Thursday 26 April 2007

2006 11: Child activist on family laws

The Star online. News. Opinion. Monday November 6, 2006
During a recent visit, retired judge Baroness Elizabeth Butler-Sloss talked to SHAILA KOSHY about child laws, how the British legal system handles marital disputes among immigrant families and the lifetime anonymity she ordered for the two boys who killed toddler Jamie Bulger.
IT would be an understatement to say that Baroness Elizabeth Butler-Sloss cares about children.
“I feel passionately about children being removed from their homes.

“I care more about children removed from the home, their school, their friends, their own bedroom, their own toys, and suddenly yanked into another country by a parent – mother or father – who chooses to leave without either of the consent of the other parent or a court order.
“That is wrong and it’s unjust to the child but it’s done by parents.”
We were talking about child abduction and transnational jurisdiction in our “global village” when Lady Butler-Sloss, the former President of the Family Division in England, suddenly made this impassioned speech.
As she noted: “In a global village, it is important that children should be able to move freely between countries and to be able to visit the countries of each of their parents and visit relatives and learn the culture.”

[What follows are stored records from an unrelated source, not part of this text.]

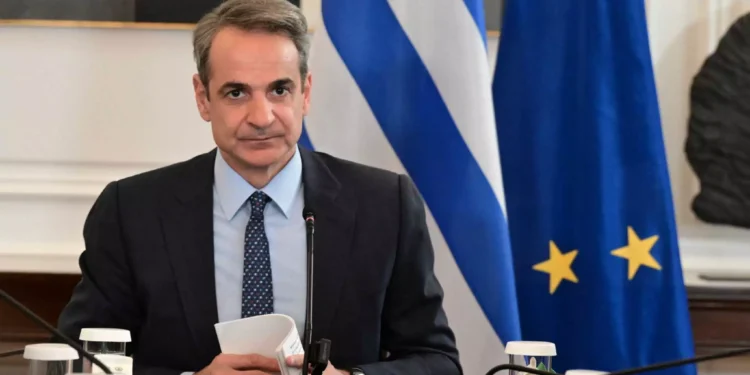 Κυριάκος Μητσοτάκης: Προκλητική και παράνομη η στάση της νέας προέδρου της Βόρειας Μακεδονίας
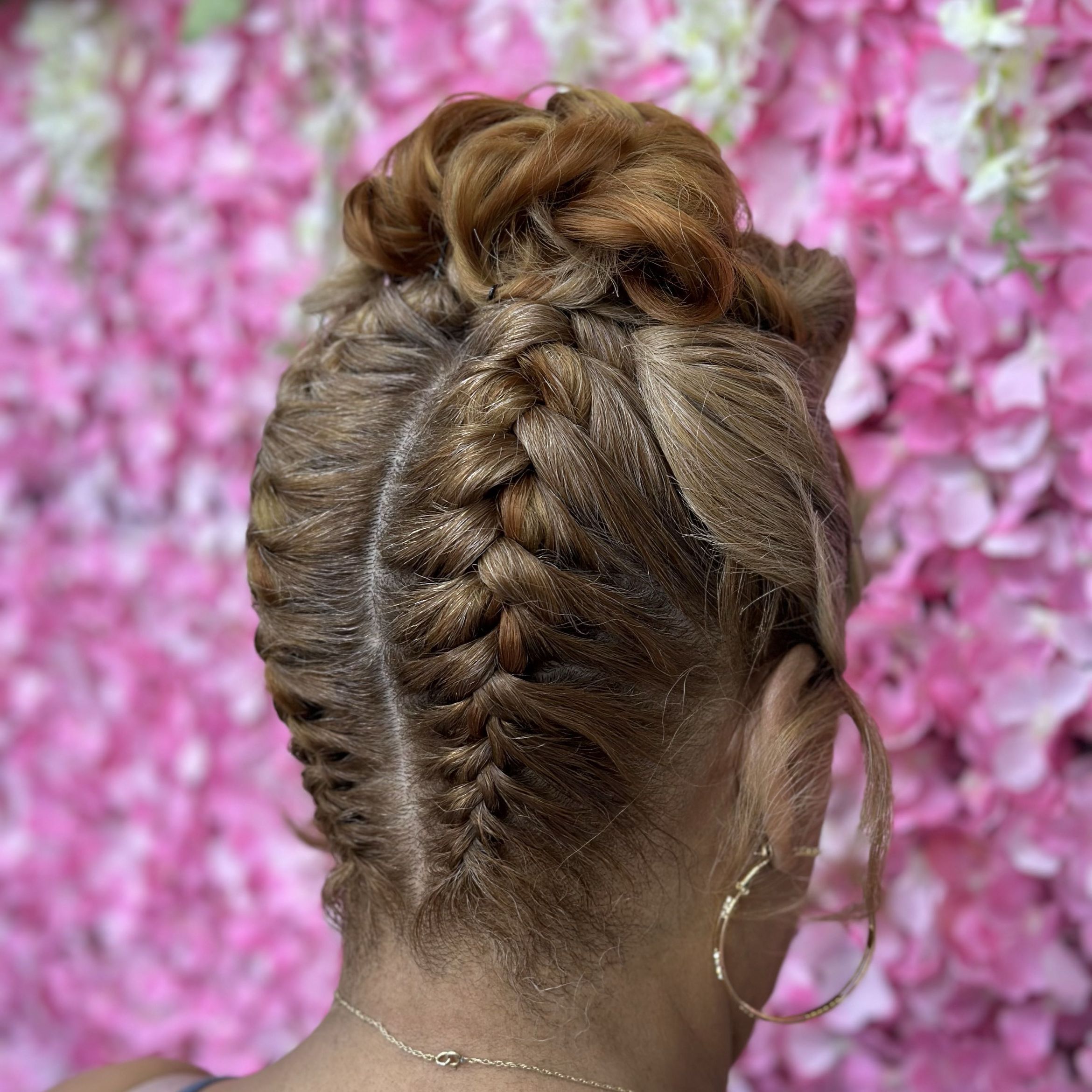 Bridal styles (including ponytails, curls, etc) portfolio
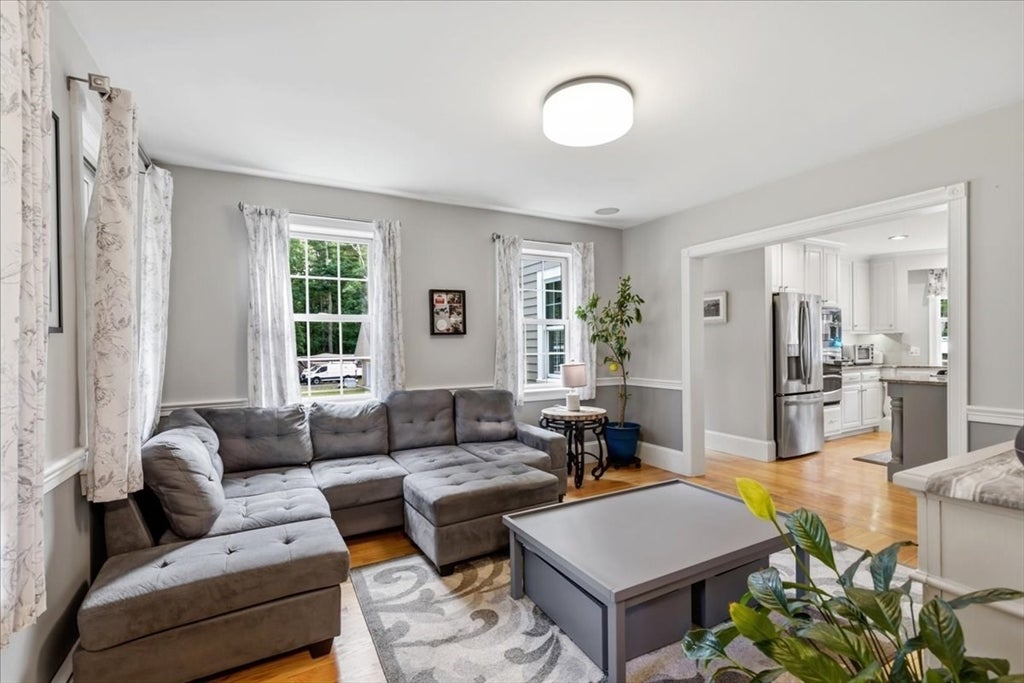 496 Thompson St, Halifax, MA Photo #25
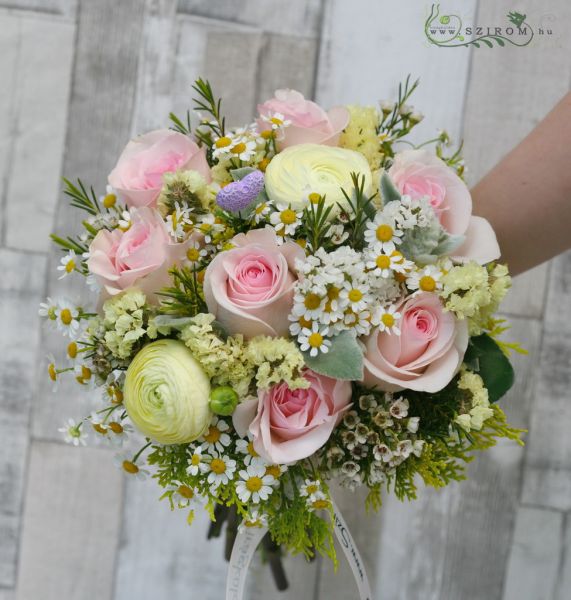 Menyasszonyi csokor rózsával, boglárkával, kamillával (krém, rózsaszín)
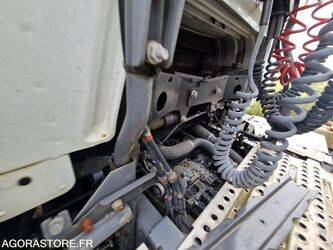 2010-renault-premium-1402990-44835258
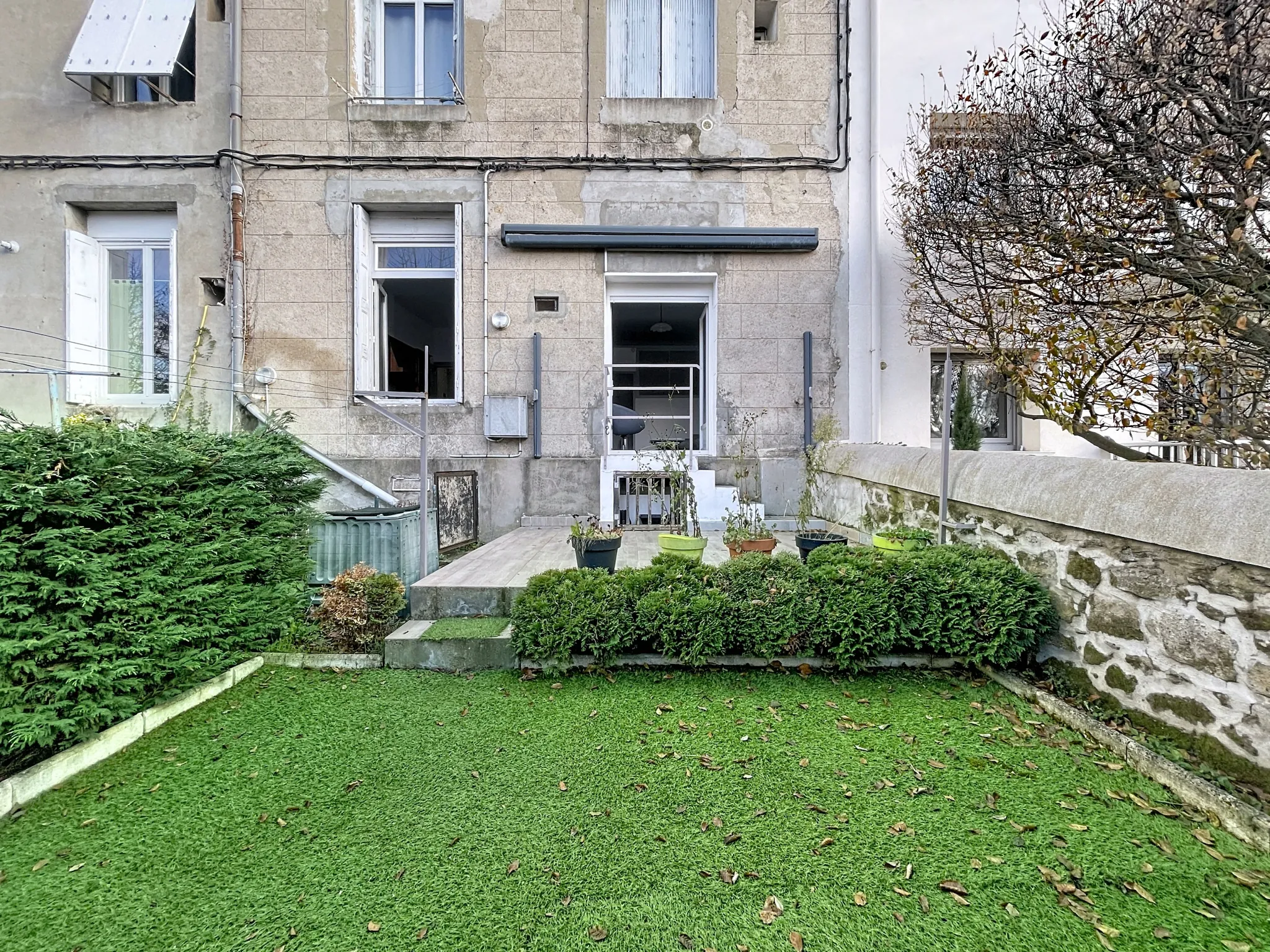 Appartement T2 avec terrasse et jardin à Saint-Étienne en résidence calme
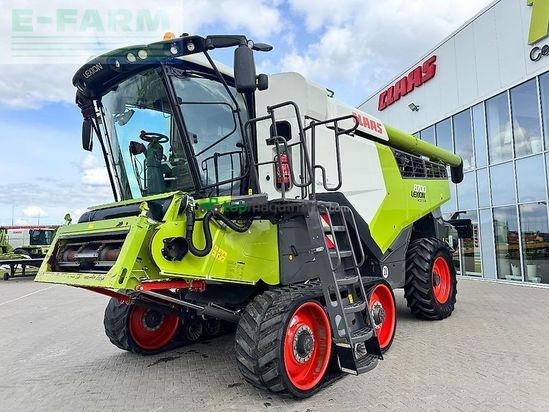 Cosechadora de Cereal - Claas - lexion 8700tt + v1080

Earlier in her public lecture on Current Developments in Family Law, Lady Butler-Sloss had stressed the importance of closer ties between countries that had and had not signed The Hague Convention on Child Abduction.

Touching on the two meetings in Malta between the two groups of countries, she said she was pleased that 21 countries, including eight Islamic countries, with diverse family laws and including eight Islamic countries had agreed on fundamental principles of family law in relation to the wrongful removal or retention of children across transnational boundaries.

Retired in 2005, Lady Butler-Sloss, is a Bencher of the Inner Temple in London and was in Malaysia for the launch of the Malaysian Inner Temple Alumni on Sept 15 and to give a lecture, organised by the Asean Law Association and Inner Temple’s first international alumni, the next day.

She is very firm – she refused to take any questions on her appointment as coroner for the inquest into the death of Diana, the Princess of Wales – but is warm at the same time.

Lady Butler-Sloss has a wry sense of humour and you get the feeling that if you had to appear before her, as long as you knew your stuff, she wouldn’t have you for breakfast.

Talking about parental alienation, recognised as a syndrome in America but not Britain, and whether the mother – the guilty party in many instances – needed psychiatric evaluation, she said: “We don’t think the mother needs a psychiatrist; what she needs is a kick up the pants. This is an emotional problem, not a legal problem.”

With more foreigners moving to Britain and since a lot of their family issues relate to culture and religion, has British family law been able to cope or does Parliament expect migrants to submit to the laws of their new home?

“The present president of the Family Division, in a lecture he gave at Belfast, is aware of the cultural differences among people who come to the UK,” Lady Butler-Sloss replied.

“An example he gives is how grandmothers are often the primary carers in African countries. And so we have to recognise cultural differences.

“But if people choose to live in England, the basic English law is the one that should apply, although we will be sympathetic to cultural differences which are acceptable to everybody in that group.”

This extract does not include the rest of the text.